On the emergence of gravitational-like forces in insect swarms.

Okubo (Okubo 1986 Adv. Biophys. 22, 1-94. (doi:10.1016/0065-227X(86)90003-1)) was the first to propose that insect swarms are analogous to self-gravitating systems. In the intervening years, striking similarities between insect swarms and self-gravitating systems have been uncovered. Nonetheless, experimental observations of laboratory swarms provide no conclusive evidence of long-range forces acting between swarming insects. The insects appear somewhat paradoxically to be tightly bound to the swarm while at the same time weakly coupled inside it. Here, I show how resultant centrally attractive gravitational-like forces can emerge from the observed tendency of insects to continually switch between two distinct flight modes: one that consists of low-frequency manoeuvres and one that consists of higher-frequency nearly harmonic oscillations conducted in synchrony with another insect. The emergent dynamics are consistent with 'adaptive' gravity models of swarming and with variants of the stochastic models of Okubo and Reynolds for the trajectories of swarming insects: models that are in close accord with a plethora of observations of unperturbed and perturbed laboratory swarms. The results bring about a radical change of perspective as swarm properties can now be attributed to known biological behaviours rather than to elusive physical influences.

1. Introduction

Insect swarms do not display the choreographed movements seen in fish schools and bird flocks, but their members do remain in just a small portion of the space available to them [1]. Nonetheless, individuals are behaving collectively rather than interacting independently with visual features on the ground over which swarms tend to form [2]. By drawing an analogy with Newtonian gravitational attraction, Okubo [3] speculated that the interactions between swarming insects produces, on the average, a centrally attractive force that acts on every individual. There is now strong experimental support for such a resultant restoring force in laboratory swarms of Chironomus riparius midges [1]. The emergence of this resultant restoring force has been attributed to the insects interacting via long-range gravitational-like forces [4]. This is a tempting possibility because insects are thought to interact acoustically, responding to wing-beat noise whose far-field intensity is expected to decay according to an inverse square law [5]. Gravitational-like interactions would, therefore, arise if one insect reacts to another by accelerating towards the source of the sound with a strength that is proportional to the received sound intensity. Experimental observations of laboratory swarms do, however, provide no conclusive evidence for such long-range forces acting between swarming insects [6]. Instead, insects on average display an approximately equivalent acceleration towards almost any feature of the swarm (nearest neighbour, Voronoi centroid, i.e. towards the emptiest region of space in the insect's vicinity, swarm centre). This suggests that individuals are on average weakly coupled, but also tightly bound to the swarm itself [6].

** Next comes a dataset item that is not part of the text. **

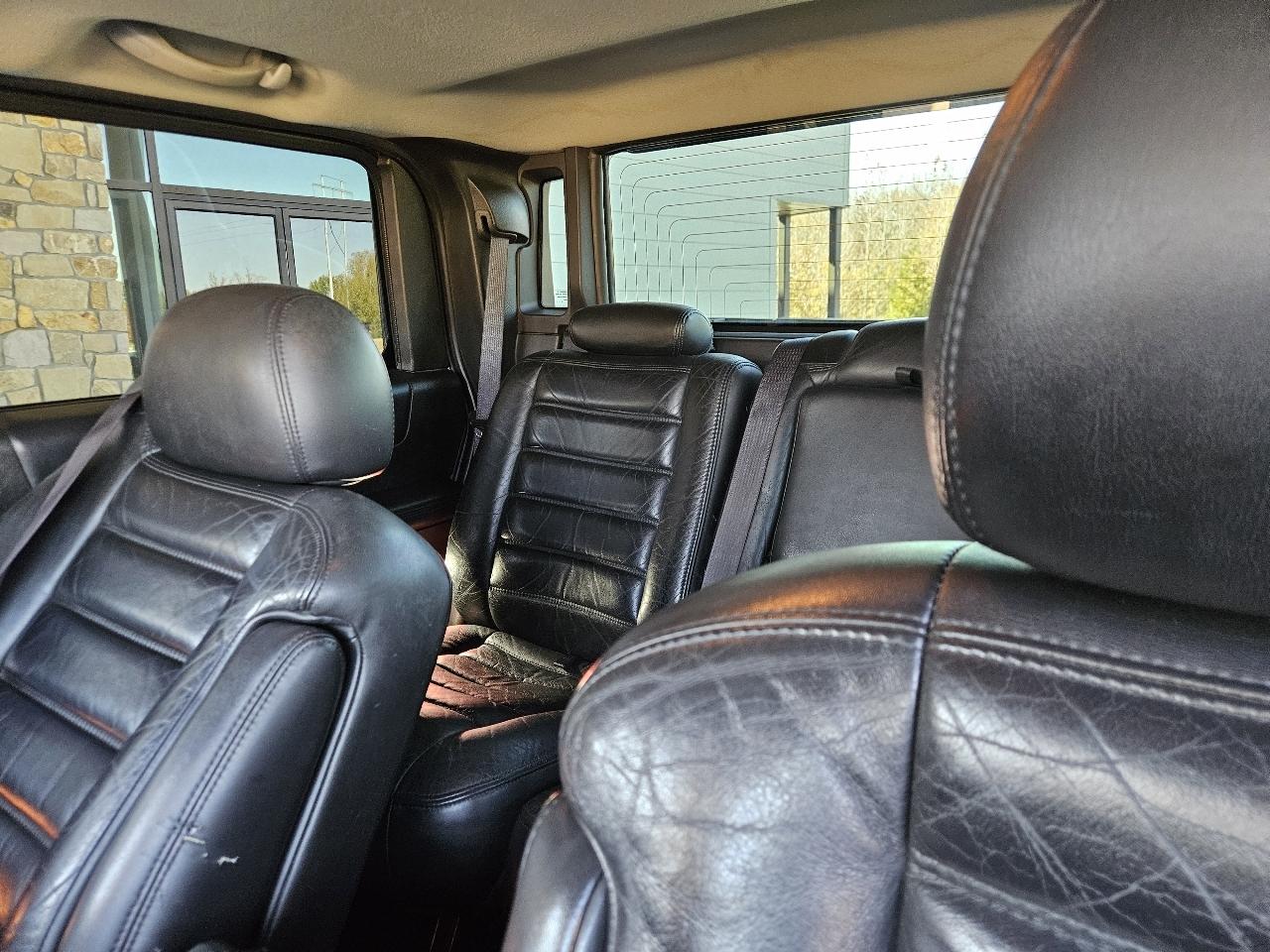 HUMMER H2 4dr Wgn 4WD SUT 2006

Here, I show how the resultant forces can emerge from the observed tendency of insects to continually switch between two distinct flight modes: one that is composed of relatively straight to and fro movements and one that consists of higher-frequency oscillations [3,7]. Model formulation is presented in the next section. The new model is shown to be closely related to two successful but seemingly distinct models of insect swarms: the stochastic models of Okubo [3] and Reynolds et al. [8] and the ‘adaptive’ gravity models of Gorbonos et al. [4]. It is also shown how the new model can account for observations that are beyond the scope of the previous models. This is followed by a Discussion.

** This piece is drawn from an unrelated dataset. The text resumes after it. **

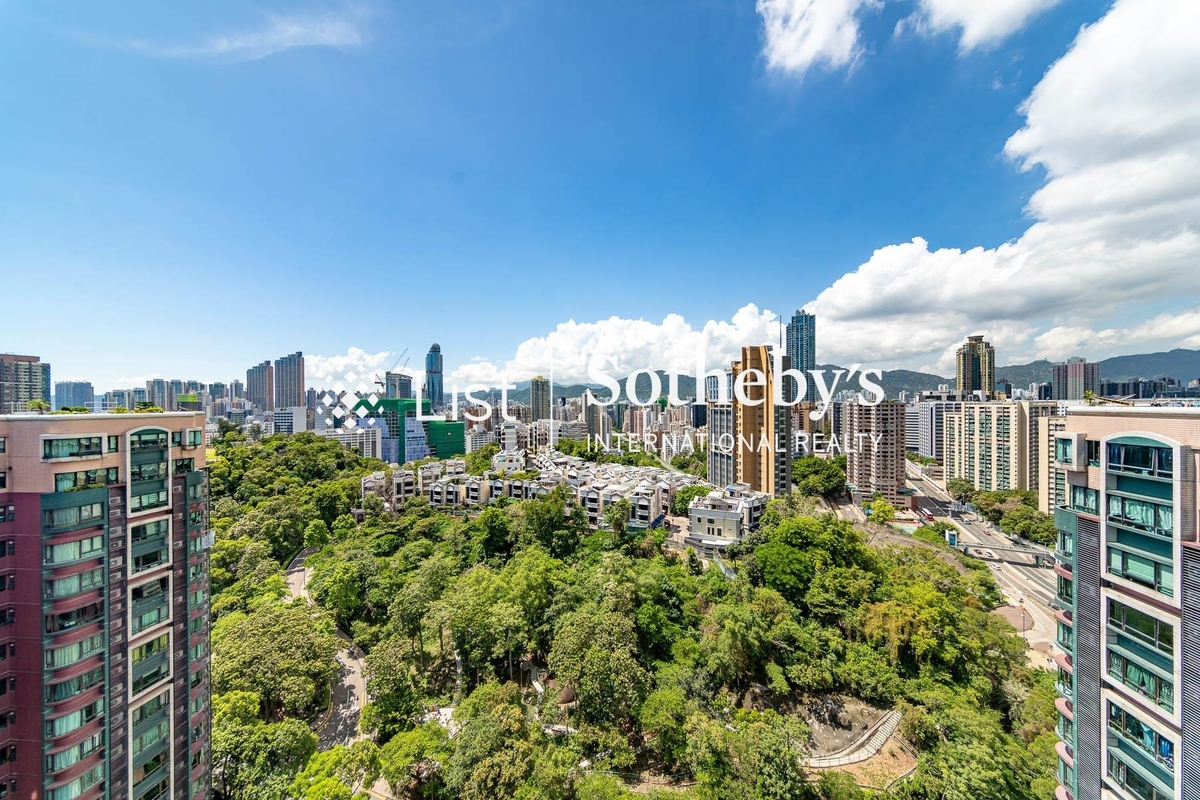 King's Park Villa 帝庭園 | View from Living and Dining Room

Emergence of gravitational-like interactions at the macroscopic level

Model formulation and properties

Multi-camera stereo-imaging and particle-tracking techniques have provided detailed recordings of the three-dimensional trajectories of C. riparius midges within laboratory swarms [1,7]. By performing a time–frequency analysis of these trajectories, Puckett et al. [7] showed that the midge flight behaviours can be segmented into two distinct modes: one that is independent and composed of low-frequency manoeuvres and one that consists of higher-frequency nearly harmonic oscillations conducted in synchrony with another midge (velocities tend to be antiparallel). These observations have similitude with the observations of Okubo [3] who remarked that the trajectories of individual midges may be classified into two distinct patterns, one being a ‘loose’ pattern and the other a ‘tight’ pattern. In the loose pattern, an insect exhibits relatively straight to and fro moments that might resemble a pendulum motion. In the tight pattern, an insect exhibits a relatively short, zigzag motion that might resemble a random flight. In practice, most individuals display a pattern that combines these two extremes.

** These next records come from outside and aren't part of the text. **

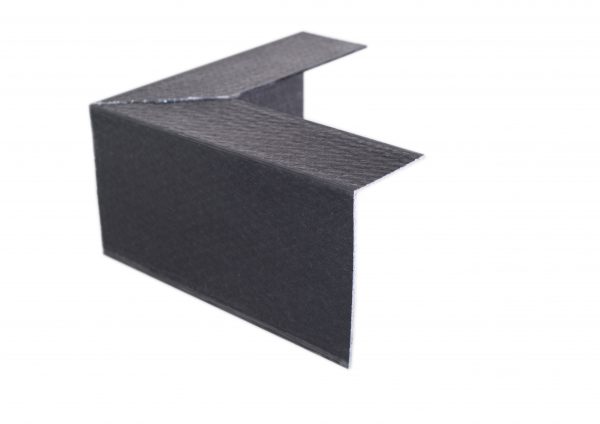 100 x 60mm angle black external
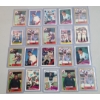 Image 1 : Assorted Topps Tiffany Indians Baseball Cards 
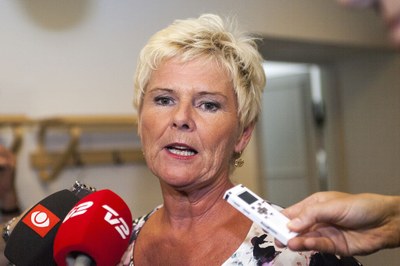 Lizette Risgaard, ny LO-formand: vil kæmpe for den nordiske aftalemodel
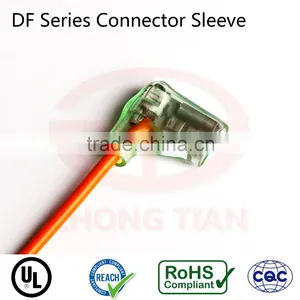 Soft PVC Flag Type Connector Sleeve thumbnail-1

The observations of Puckett et al. [7] and Okubo [3] suggest that at long-times (times longer than the velocity autocorrelation timescale), individual flight patterns can effectively be partitioned into episodes of ‘hovering’ and ‘flying’ (diffusing) and that the long-time dynamics can be approximated by a pair of reaction–diffusion equationsHere, H(x, t) and F(x, t) are the densities of hoverers and fliers located at position x at time t, α is the rate at which individuals switch from being hoverers to being fliers (with diffusivity D) and β sets the rate at which fliers switch to becoming hoverers after interacting with hoverers (an alternative, seemingly very credible model is examined then discounted in the electronic supplementary material, S1). These pairwise interactions (biological behavioural traits) could be mediated either acoustically or visually. When the reaction dynamics are very much faster than the diffusive transport, local equilibrium is established, i.e. αH − βHF = 0. The stable equilibria are F = α/β, H = C − F if the density of individuals (fliers and hoverers) C > α/β and H = 0, F = C if C < α/β.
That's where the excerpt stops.